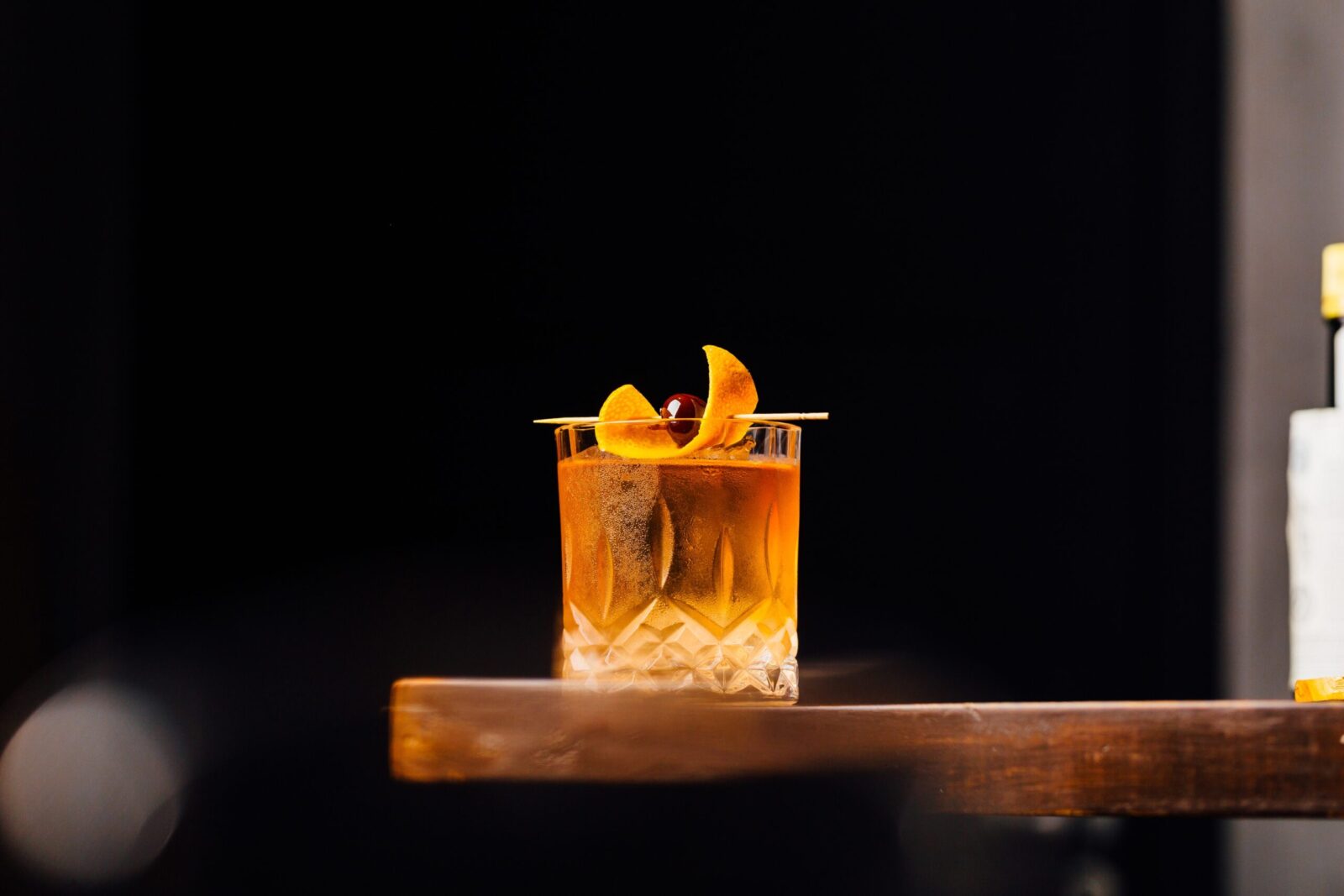 Enjoy a classic Old Fashioned at a Wisconsin Supper Club, on the rocks, with orange peel and cherry garnish.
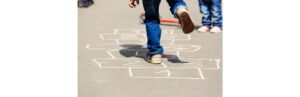 kids-playing-hopscotch-on-playground-outdoors-picture-id512047790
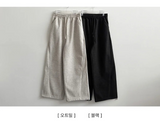 メンデ カーブド インシジョン ウール ワイドパンツ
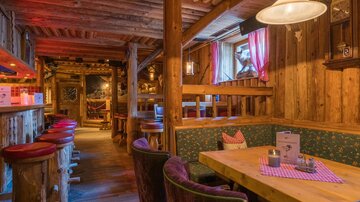 Eine gemütliche Hütte mit Holzinterieur und warmem Licht. Es gibt Tische und bunte Sitzgelegenheiten, die einladend wirken.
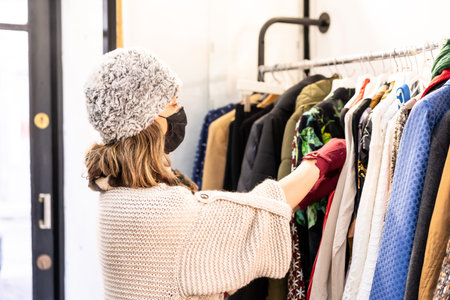 A customer with a protective mask looking at new collection clothes on a hanger, second-hand and...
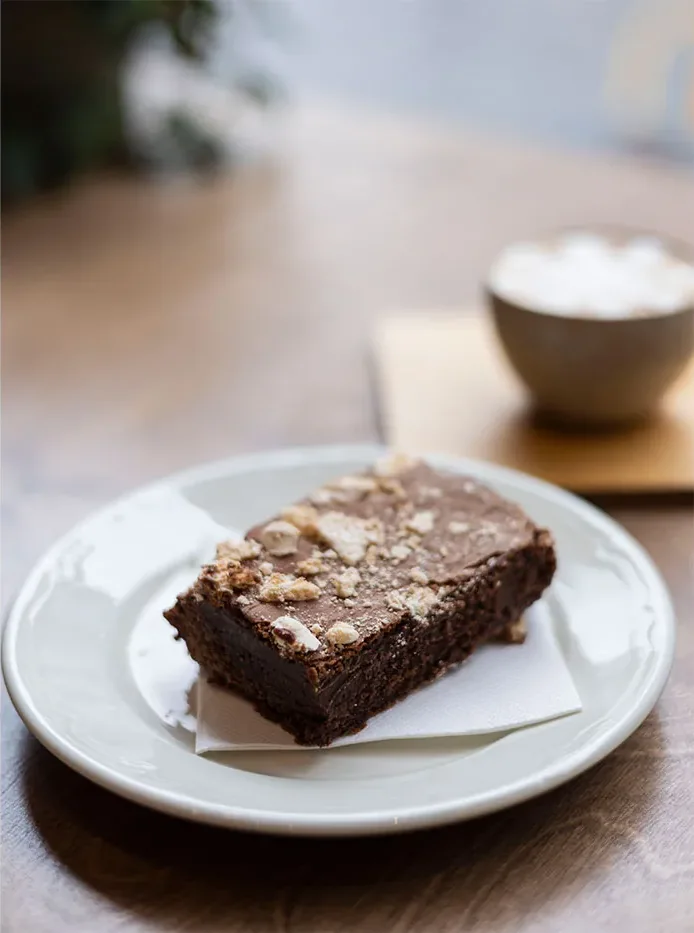 Une part de brownie au chocolat sur une assiette blanche, à côté d'un cappuccino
§ §
*Exercise directions:* You are asked to reproduce each line above exactly, but to exclude the pictures.

*Answer box:*
 Enjoy a classic Old Fashioned at a Wisconsin Supper Club, on the rocks, with orange peel and cherry garnish.
 kids-playing-hopscotch-on-playground-outdoors-picture-id512047790
 メンデ カーブド インシジョン ウール ワイドパンツ
 Eine gemütliche Hütte mit Holzinterieur und warmem Licht. Es gibt Tische und bunte Sitzgelegenheiten, die einladend wirken.
 A customer with a protective mask looking at new collection clothes on a hanger, second-hand and...
 Une part de brownie au chocolat sur une assiette blanche, à côté d'un cappuccino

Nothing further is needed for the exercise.